◆ Available data:
★ ★ ★ ★ ★ ★ ★

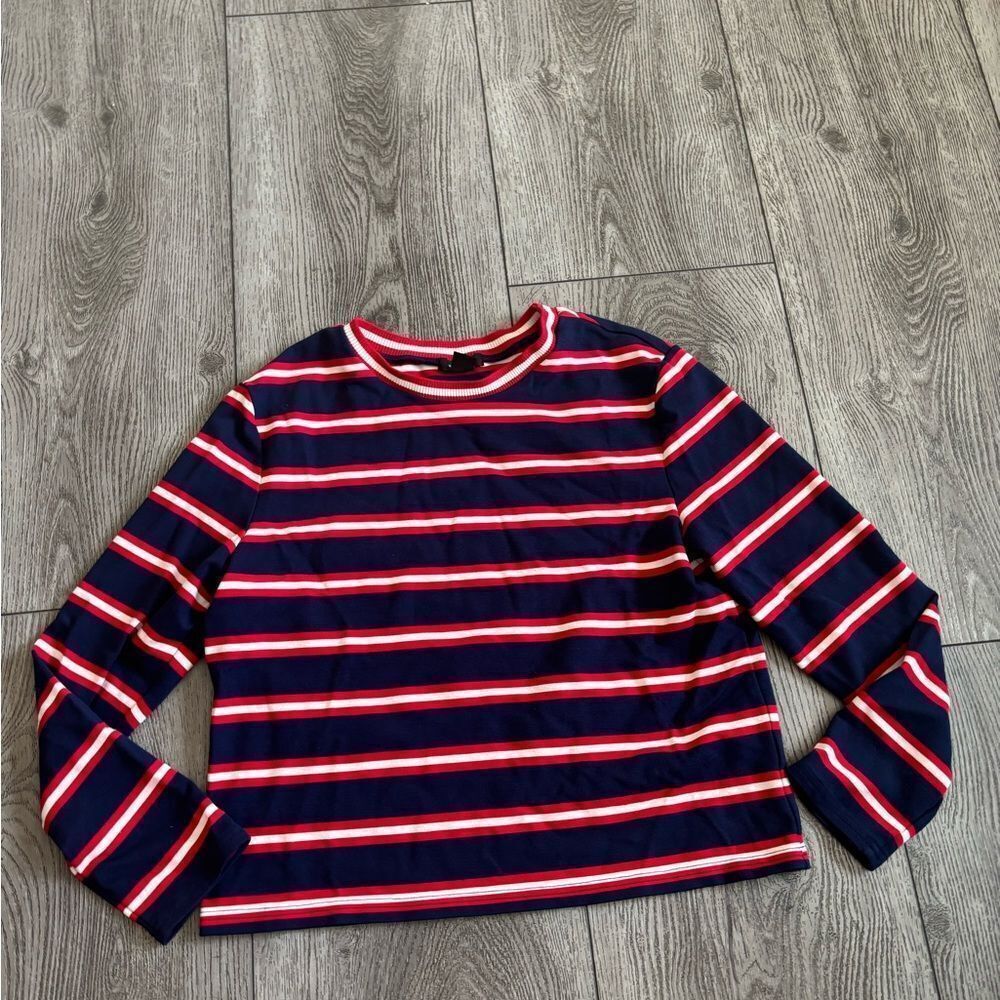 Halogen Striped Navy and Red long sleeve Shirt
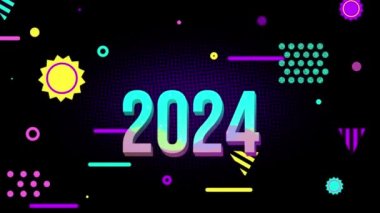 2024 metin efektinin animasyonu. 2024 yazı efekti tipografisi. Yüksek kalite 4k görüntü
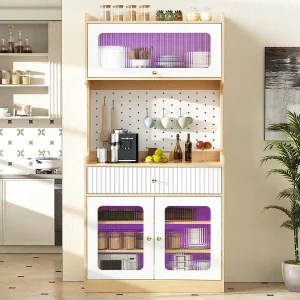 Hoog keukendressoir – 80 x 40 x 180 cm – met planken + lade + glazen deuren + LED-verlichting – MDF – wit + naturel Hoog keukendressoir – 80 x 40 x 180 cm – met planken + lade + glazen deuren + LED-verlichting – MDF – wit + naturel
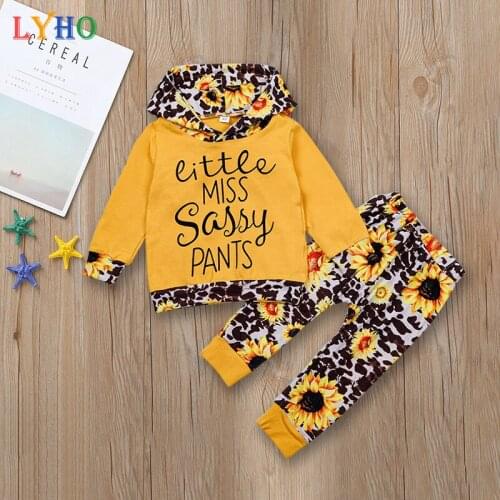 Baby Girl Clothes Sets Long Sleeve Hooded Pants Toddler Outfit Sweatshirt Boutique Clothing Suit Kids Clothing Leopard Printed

★ ★ ★ ★ ★ ★ ★

◆ Work to complete: Transcribe the material as is, with images omitted.

◆ Written response:
 Halogen Striped Navy and Red long sleeve Shirt
 2024 metin efektinin animasyonu. 2024 yazı efekti tipografisi. Yüksek kalite 4k görüntü
 Hoog keukendressoir – 80 x 40 x 180 cm – met planken + lade + glazen deuren + LED-verlichting – MDF – wit + naturel Hoog keukendressoir – 80 x 40 x 180 cm – met planken + lade + glazen deuren + LED-verlichting – MDF – wit + naturel
 Baby Girl Clothes Sets Long Sleeve Hooded Pants Toddler Outfit Sweatshirt Boutique Clothing Suit Kids Clothing Leopard Printed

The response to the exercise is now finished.